Building a data dictionary with Tableau's Metadata API
TL;DR: In this post you will learn how to build a data dictionary of all the calculated fields for all the workbooks published on your Tableau Server or Tableau Online using Tableau’s Metadata API.
In one of my previous posts I wrote about Tableau’s Metadata API and some simple queries to get started with it. Ad-hoc queries are useful to get quick answers about data sources and workbooks on your Tableau Server. As a next step, I wanted to explore how to use the Metadata API to build tools that help teams across an organisation understand their data assets better.
While working as a consultant on various data projects, I noticed a common challenge: teams within the company lack clarity around how some key metrics are defined and calculated in their workbooks, or different teams may have slightly different definitions of the same metric. This can significantly skew any analysis done based on such metrics. To avoid such situations, companies should design an internal data dictionary.
There are different interpretations of what a ‘data dictionary’ is. In general it can be described as a list of definitions for key metrics and data fields that are used across the company, including the ways to calculate them, where applicable. The main idea behind such a dictionary is to eliminate confusion and ambiguity, and make sure that all metrics are understood and calculated in the same consistent way. The dictionary should be made available to everyone in the company, and become the first point of reference for any analysis. I recommend reading this post by Carl Anderson to learn more about some best practices for creating a data dictionary.

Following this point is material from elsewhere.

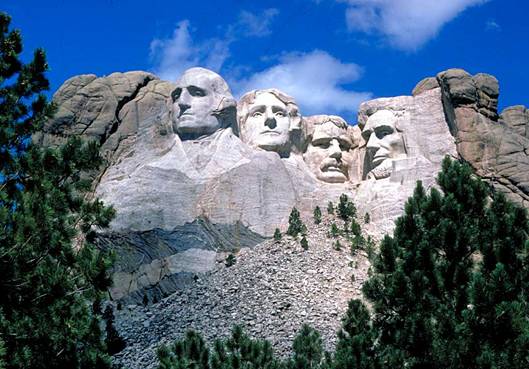 Jefferson (druh zleva) na Mount Rushmore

In this post I’m going to talk about how to create a data dictionary using Tableau’s Metadata API. What follows below is a detailed walkthrough of this topic that I presented at Phoenix Tableau User Group in October 2020 (slides, recording of the webinar).
Accessing the Metadata API
The Metadata API is available to users of both Tableau Server and Tableau Online. It is enabled by default on Tableau Online, but if you are using Tableau Server your server admin should enable it first by using the tsm maintenance metadata-services enable
command through the Tableau Services Manager (TSM).

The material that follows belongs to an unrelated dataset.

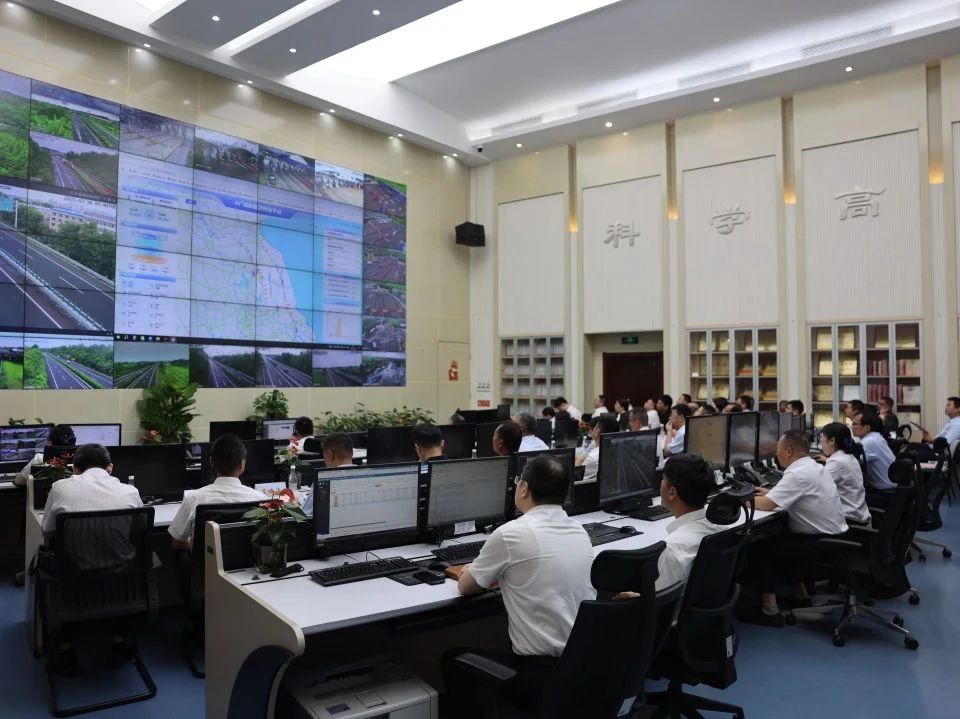 江蘇交控召開AI平方推進應(yīng)用現(xiàn)場會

Once the Metadata API is enabled, there are two ways to access it:
-
Direct URL. Append
/metadata/graphiql
to your Tableau Server or Tableau Online URL as follows:https://<your-tableau-server>/metadata/graphiql
-
Using the Data Management Add-on. If your Tableau Server or Tableau Online has the Data Management Add-on enabled, you can access the Metadata API by going to the External Assets section in the server’s menu on the left, and clicking the Query metadata (GraphiQL) link.
Whichever way you choose, you will land on GraphiQL, Tableau’s GUI for interacting directly with the Metadata API.

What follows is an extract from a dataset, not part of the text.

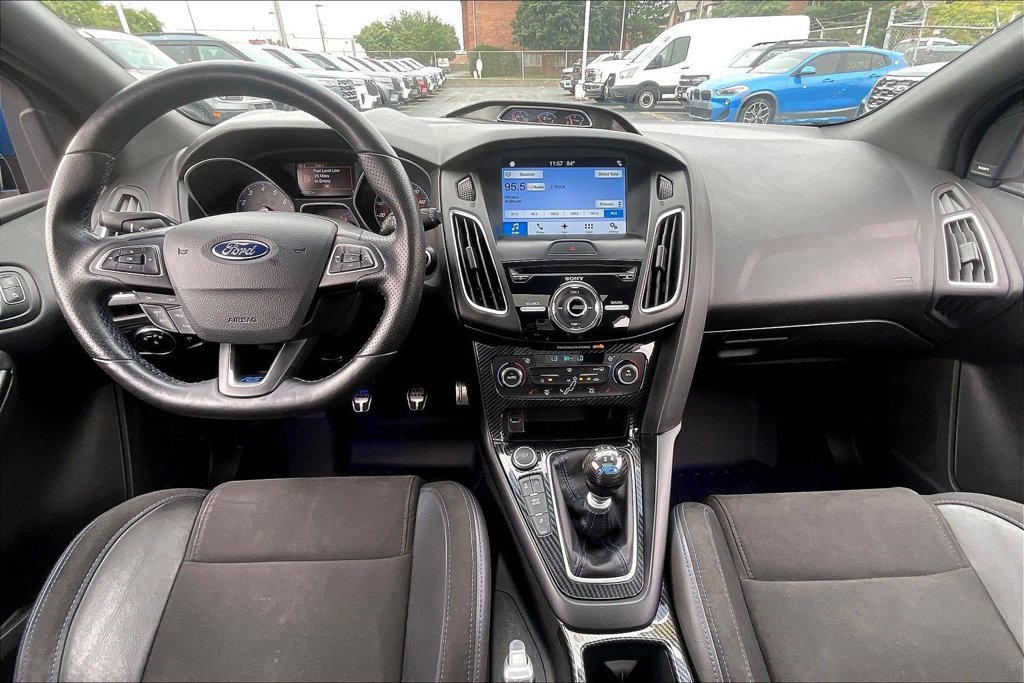 Used 2017 Ford Focus RS AWD/4WD image 14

For the purposes of my project, I was connecting to the Metadata API of my personal Tableau Online instance, part of the Tableau Developer programme. If you haven’t already, you can sign-up for Tableau’s Developer programme here.
Quering the Metadata API using GraphQL (query language) in GraphiQL (Tableau’s Metadata GUI)
To query the Metadata API you will use GraphQL, an open-source data query and manipulation language for APIs (not to be confused with Tableau’s GraphiQL in-browser GUI described above). If you haven’t worked with this type of APIs, please refer to my previous blog for more details on how to structure your GraphQL queries. The Metadata API’s documentation has a detailed model of objects and their attributes, and you can also search the documentation embedded in the GraphiQL GUI for a particular object.
In one of my previous projects I worked with Tableau workbooks built by different people, and there were many calculated fields that were either duplicated or not used at all. I spent a lot of time trying to understand what each calculated field did, which fields from the original data set it referenced, and which dashboard it was used in, if any.
So, when I discovered the Metadata API, I wanted to see if I could speed up such investigation, and create a data dictionary of all the calculated fields for all the workbooks on my Tableau Online. In the GraphQL query below I focused on all calculated fields, which fields from which data sources are used in these calculations, as well as any descriptions or comments for such calculated fields.
Here is the final query for this project:
query calculations {
calculatedFields {
name
description
dataType
formula
referencedByCalculations {
name
formula
}
upstreamDatabases {
name
}
downstreamSheets {
name
}
downstreamDashboards{
name
}
downstreamWorkbooks {
name
projectName
tags {
name
}
upstreamDataQualityWarnings {
warningType
author {
username
}
}
}
}
}
My query is structured as follows:
- The main object of the query is
calculatedFields
, which will return every calculated field from the workbooks on my Tableau Online - Each calculated field has several attributes that I’m interested in:
- name
- description
- data type
- formula
- I also checked whether a calculated field is used in another calculated field by calling the
referencedByCalculations
object, the name of such calculation, and its formula - The query should also return the names of data sources that contain fields which are used in calculated fields by using
upstreamDatabases
object - Next, I found out which worksheets (
downstreamSheets
), dashboards (downstreamDashboards
), and workbooks (downstreamWorkbooks
) each calculated field is used in, including a project name and a relevant tag for every workbook - The last thing was to get any data quality warnings attached to an upstream data source that a calculated field is related to (
upstreamDataQualityWarnings
)
Visualising the response in Tableau Desktop
The response from the API comes in JSON format that can be then visualised in Tableau Desktop to make it more user-friendly. For this project, I simply copied the query response as it was displayed in GraphiQL onto a text editor and saved it as a JSON file.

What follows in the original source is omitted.